The photo above shows the ordinate nature of the movements. The pins are staggered to match the mating holes on the rear movement plate so as to keep them in a particular order. Sargent and Greenleaf first introduced modular movements on a production-scale in 1889 and they too had their movements uniquely pinned and arranged in a non-interchangeable fashion as in this Diebold example, however they introduced interchangeability between movements by 1895, the year Diebold introduced this model. To drive this point home the upper case lip also had numbers 1, 2, and 3 above each movement's location, see second photo. In other words, these time locks did not yet have truly interchangeable movements. Later in the production run, movements became interchangeable, see last example below, and the pins were removed, however Diebold did not remove the now unnecessary numbering on the upper lip for the production life of all of their decorated cases.
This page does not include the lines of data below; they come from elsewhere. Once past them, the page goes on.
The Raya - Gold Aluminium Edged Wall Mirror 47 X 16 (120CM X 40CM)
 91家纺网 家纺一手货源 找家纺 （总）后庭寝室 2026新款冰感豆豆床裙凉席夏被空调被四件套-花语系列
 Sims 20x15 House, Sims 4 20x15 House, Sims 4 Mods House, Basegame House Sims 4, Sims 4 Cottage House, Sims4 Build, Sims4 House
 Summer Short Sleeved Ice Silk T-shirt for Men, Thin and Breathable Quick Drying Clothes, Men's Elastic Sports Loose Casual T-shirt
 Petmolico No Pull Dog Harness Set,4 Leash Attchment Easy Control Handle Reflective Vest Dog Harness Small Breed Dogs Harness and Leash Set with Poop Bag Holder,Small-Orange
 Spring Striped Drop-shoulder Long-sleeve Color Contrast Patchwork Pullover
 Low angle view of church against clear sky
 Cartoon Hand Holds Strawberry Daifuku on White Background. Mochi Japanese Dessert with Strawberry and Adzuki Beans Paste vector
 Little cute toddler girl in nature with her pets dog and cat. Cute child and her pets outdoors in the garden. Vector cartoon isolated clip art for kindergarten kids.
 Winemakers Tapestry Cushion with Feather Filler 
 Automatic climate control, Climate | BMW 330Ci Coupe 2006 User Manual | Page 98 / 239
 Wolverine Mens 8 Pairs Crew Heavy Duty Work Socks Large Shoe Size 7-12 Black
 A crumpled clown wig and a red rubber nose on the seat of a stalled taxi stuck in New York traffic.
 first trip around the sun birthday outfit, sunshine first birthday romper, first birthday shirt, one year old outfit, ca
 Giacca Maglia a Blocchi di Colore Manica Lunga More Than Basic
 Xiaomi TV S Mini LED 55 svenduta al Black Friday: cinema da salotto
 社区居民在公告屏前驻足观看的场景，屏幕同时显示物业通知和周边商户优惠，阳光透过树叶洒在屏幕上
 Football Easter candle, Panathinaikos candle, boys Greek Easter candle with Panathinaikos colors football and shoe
Only after the introduction of their plain satin bronze case after WWI were these markings removed. The type of font the company used for their name on the acid-etched glass changed over time. Compare this to the other examples on this page.

Model - Type 1, 1895. This was the style first type of lock introduced by Diebold. As with many of their other locks this company took case design to a high level. Diebold used an acid-etching method instead of the conventional milling technique to make their intricate case designs, which otherwise would be cost prohibitive. These cases were also gold plated. (see other two, three and four movement Diebold cases). However this lock has a nickel finish and is the only one known to this author. Unlike many other time lock makers, Diebold was an established safe and vault maker. Their time locks were made to coordinate with the rest of the design theme that would be found on the inside vault door surfaces of Diebold designed products. Imagine how beautiful this must have looked, industrial form morphing into art! These early models had no internal bolt dogging mechanism, but used a bottom release lever. Usually this configuration would be used with an automatic bolt motor, where the time lock would simply trip this motor. However, in the case of Diebold it could also be used to simply move a lever that released the bolt works. This was possible for the firm as their locks were used with their safes and vaults so they could design the strength needed to move the bolt precisely to the time lock. This example has the very early 'rosette' logo on the snubber mounting plate and earlier style floral design on the case. Equipped with signed E. Howard movements. In 1902, when E. Howard exited the time lock business, Diebold switched to identical looking, unsigned movements made by Seth Thomas.  The low case and movement numbers indicate this example to be very early in production. Case #14, E. Howard movements #51, #127, #161. file 194




Model - Type 1, c. 1895. This was the style first type of lock introduced by Diebold and features their gold plated floral case finish along with the company rosette logo on the snubber mounting plate. While the movements in this lock are not consecutively numbered, these are likely the original installed from Diebold since each movement is exactly 13 numbers apart from each other. Case #180, E. Howard movements #610, #623, #636. file 5 





Model - Type 1, c. 1898. The early rosette logo is replaced by the hand engraved patent date of May 22, 1894 on the snubber mounting plate. This and the geometric 'X' deco case design became the standard motif for Diebold by 1894. The glass etching differs slightly from the block lettering in the first example above and greatly from the second example. Equipped with E. Howard movements and the close proximity of the serial numbers again indicates that these are all the original movements. Etched glass removed for photos. Case #2267, movement #5832, 5838, 5859. file 40

Below are photos of a Diebold 3 movement time lock in a two different Diebold safe doors. Notice the decorative acid etching on the door components. The first example is the only Diebold I have seen equipped with winding holes through the glass and is probably not OEM. The eyelets look like those found on Sargent and Greenleaf products. All of the bolt motors are of Albert Kirks patented design. Another Diebold safe with a Sargent & Greenleaf lock of similar configuration.

                                                              Diebold 3mvt in safe door (1).jpg (51712 bytes)

                     Diebold 3mvt in safe door (2).jpg (30449 bytes)  Diebold 3mvt in safe door.jpg (26540 bytes)


This safe has a Diebold time lock with newer Swiss made movements substituted for the original Seth Thomas movements. This was often necessary since the original movements that would have dated from around 1900 would no longer be economically serviceable today.